> [TASK DETAILS] Range to copy from the entries below: the line containing "Virtually staged secondary bathroom" through the line containing "parts, close-up. 69983366", inclusive. Retype only those lines, exactly, without any images.

> [PROVIDED RECORDS]

===============

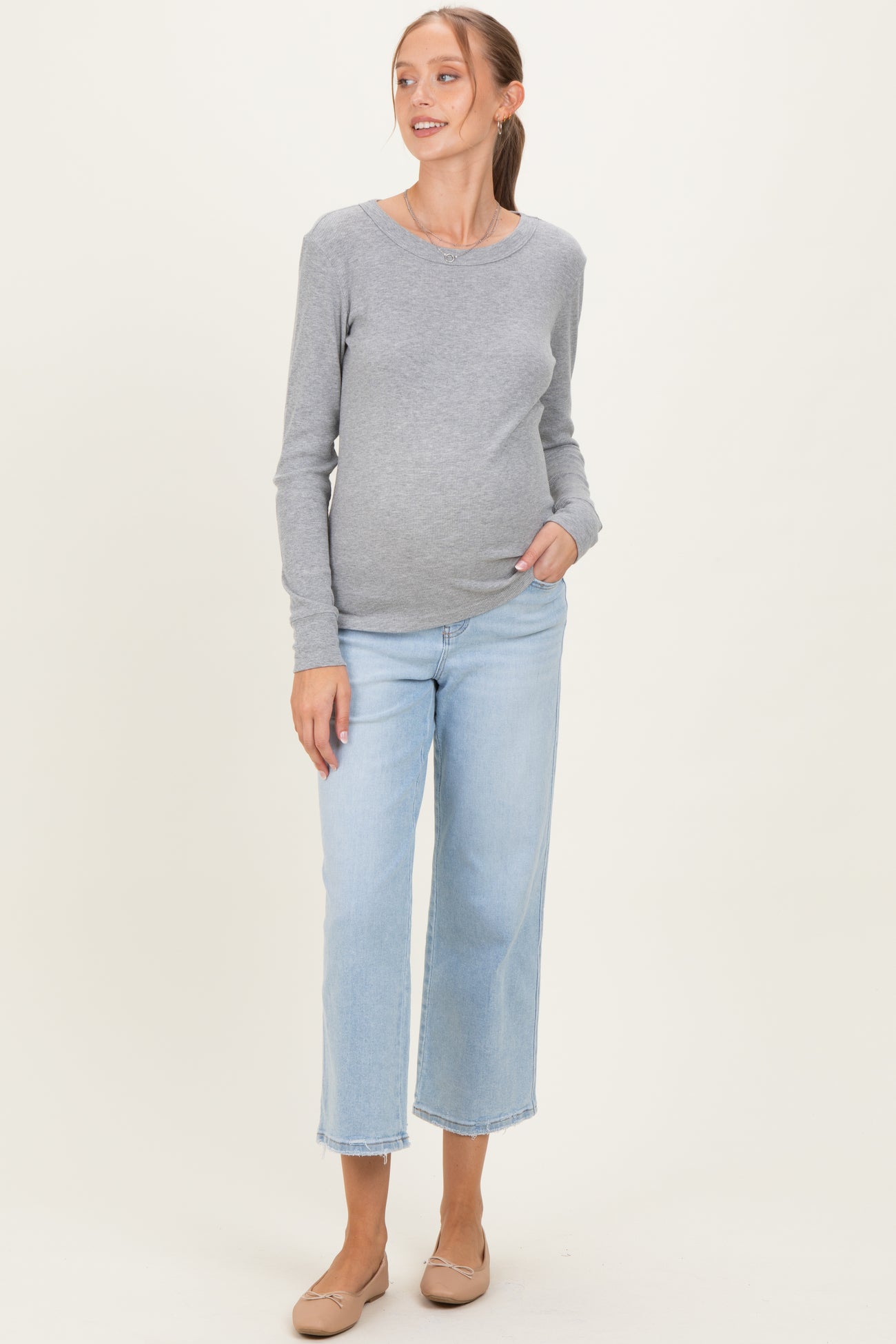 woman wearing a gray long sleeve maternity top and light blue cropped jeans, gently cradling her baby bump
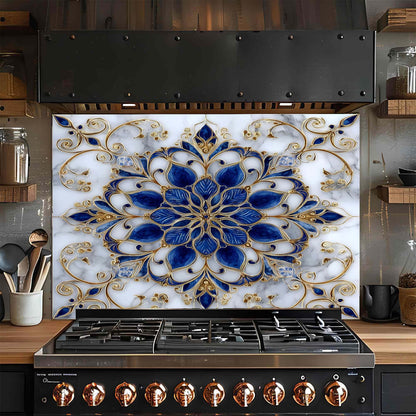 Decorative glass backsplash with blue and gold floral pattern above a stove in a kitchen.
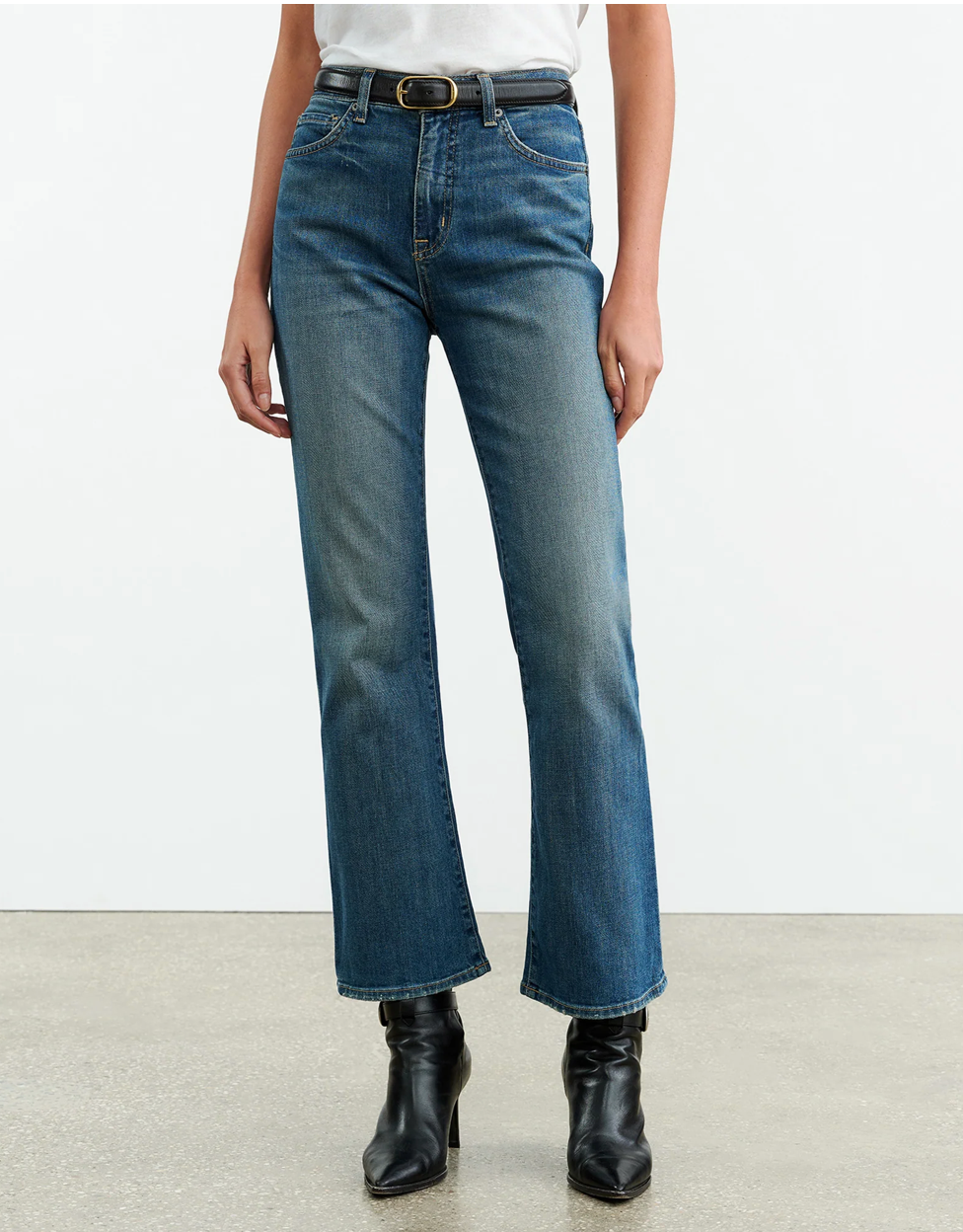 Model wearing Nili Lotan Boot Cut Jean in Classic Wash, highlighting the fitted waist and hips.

===============

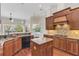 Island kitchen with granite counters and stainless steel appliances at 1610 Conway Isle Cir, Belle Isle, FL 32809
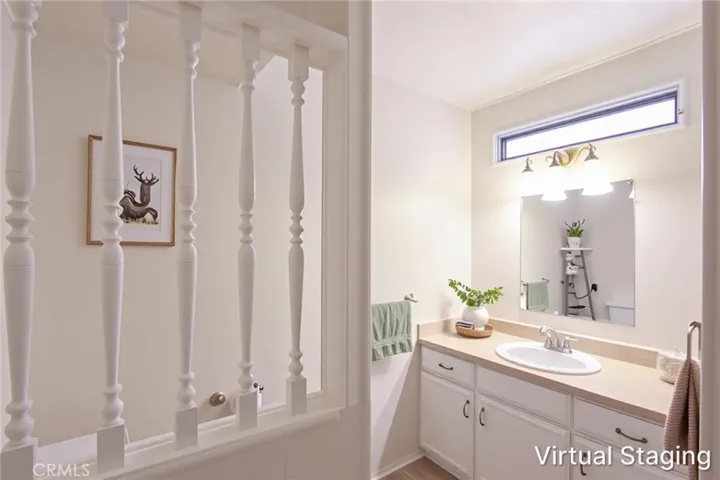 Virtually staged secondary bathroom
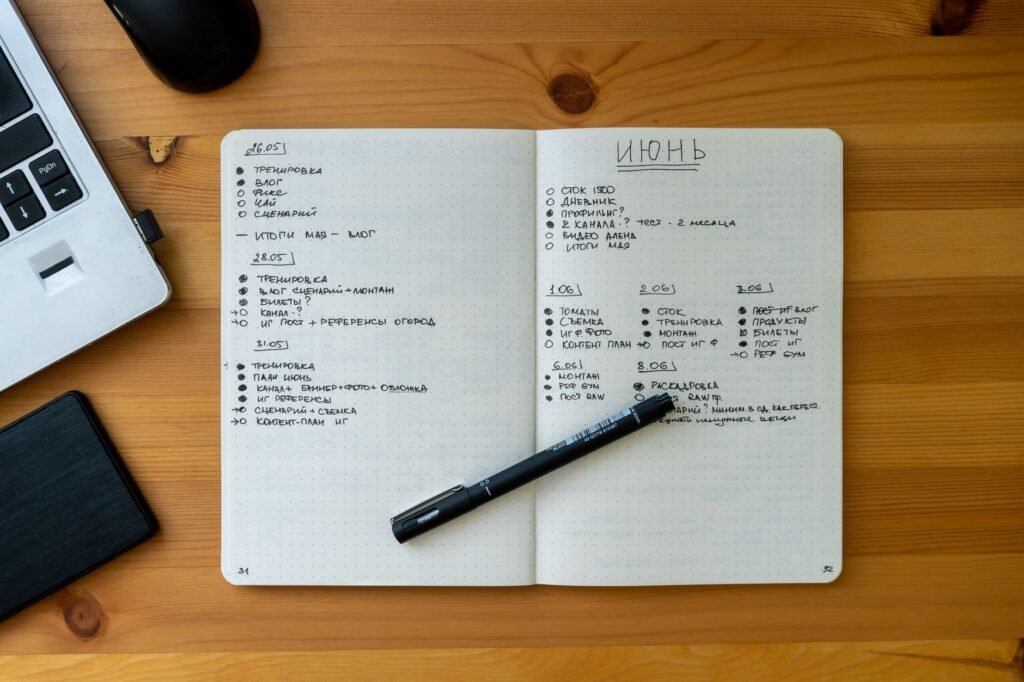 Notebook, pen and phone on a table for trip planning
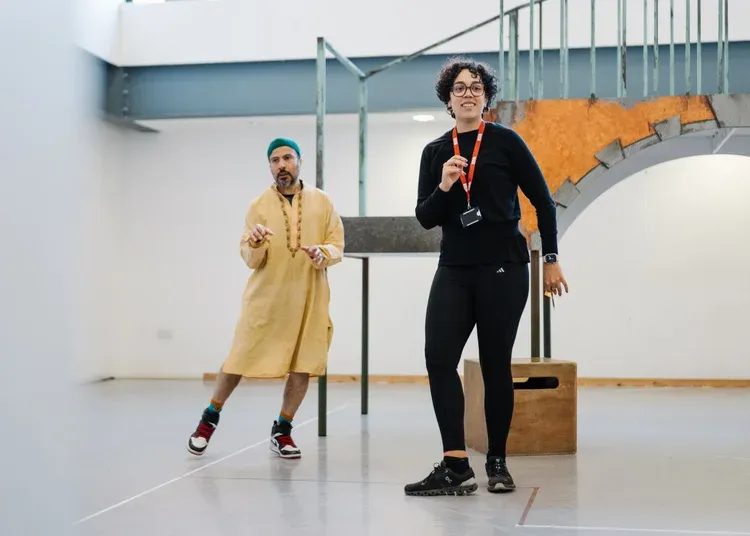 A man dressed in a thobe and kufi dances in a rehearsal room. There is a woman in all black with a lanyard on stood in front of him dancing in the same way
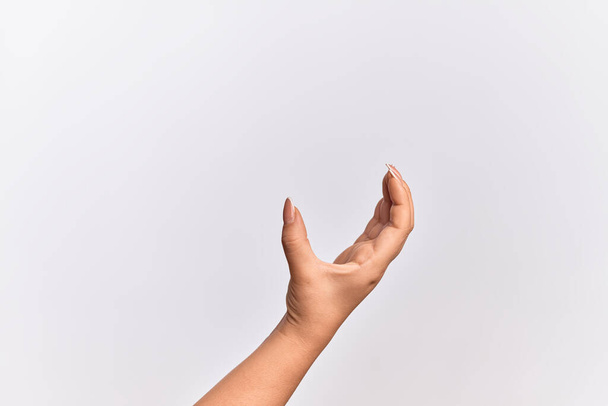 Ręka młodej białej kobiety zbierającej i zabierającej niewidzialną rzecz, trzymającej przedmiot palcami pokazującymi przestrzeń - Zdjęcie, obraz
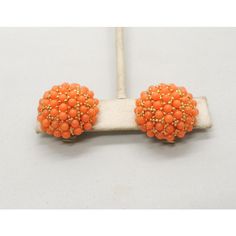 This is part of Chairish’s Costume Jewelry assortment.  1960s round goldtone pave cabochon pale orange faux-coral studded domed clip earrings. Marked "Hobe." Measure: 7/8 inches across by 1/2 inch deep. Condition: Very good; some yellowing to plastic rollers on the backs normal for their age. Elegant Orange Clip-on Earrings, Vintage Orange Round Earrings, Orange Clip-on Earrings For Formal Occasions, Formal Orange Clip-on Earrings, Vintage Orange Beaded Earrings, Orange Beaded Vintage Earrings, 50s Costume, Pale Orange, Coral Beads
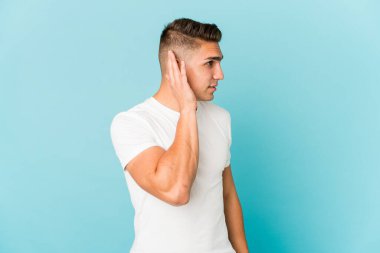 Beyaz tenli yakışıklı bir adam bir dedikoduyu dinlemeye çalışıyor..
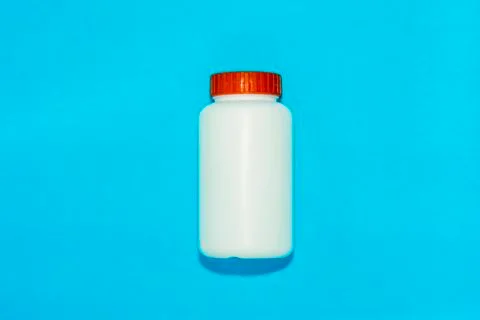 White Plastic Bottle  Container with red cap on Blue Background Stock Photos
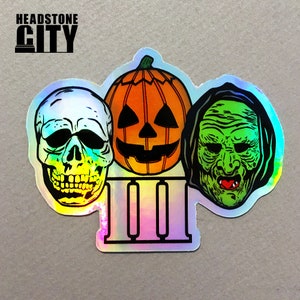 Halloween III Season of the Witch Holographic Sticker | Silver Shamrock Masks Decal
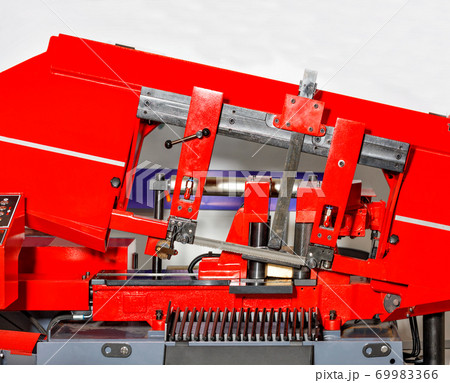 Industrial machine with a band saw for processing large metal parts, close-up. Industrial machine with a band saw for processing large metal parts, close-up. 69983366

===============

> [WRITTEN ANSWER]
 Virtually staged secondary bathroom
 Notebook, pen and phone on a table for trip planning
 A man dressed in a thobe and kufi dances in a rehearsal room. There is a woman in all black with a lanyard on stood in front of him dancing in the same way
 Ręka młodej białej kobiety zbierającej i zabierającej niewidzialną rzecz, trzymającej przedmiot palcami pokazującymi przestrzeń - Zdjęcie, obraz
 This is part of Chairish’s Costume Jewelry assortment.  1960s round goldtone pave cabochon pale orange faux-coral studded domed clip earrings. Marked "Hobe." Measure: 7/8 inches across by 1/2 inch deep. Condition: Very good; some yellowing to plastic rollers on the backs normal for their age. Elegant Orange Clip-on Earrings, Vintage Orange Round Earrings, Orange Clip-on Earrings For Formal Occasions, Formal Orange Clip-on Earrings, Vintage Orange Beaded Earrings, Orange Beaded Vintage Earrings, 50s Costume, Pale Orange, Coral Beads
 Beyaz tenli yakışıklı bir adam bir dedikoduyu dinlemeye çalışıyor..
 White Plastic Bottle  Container with red cap on Blue Background Stock Photos
 Halloween III Season of the Witch Holographic Sticker | Silver Shamrock Masks Decal
 Industrial machine with a band saw for processing large metal parts, close-up. Industrial machine with a band saw for processing large metal parts, close-up. 69983366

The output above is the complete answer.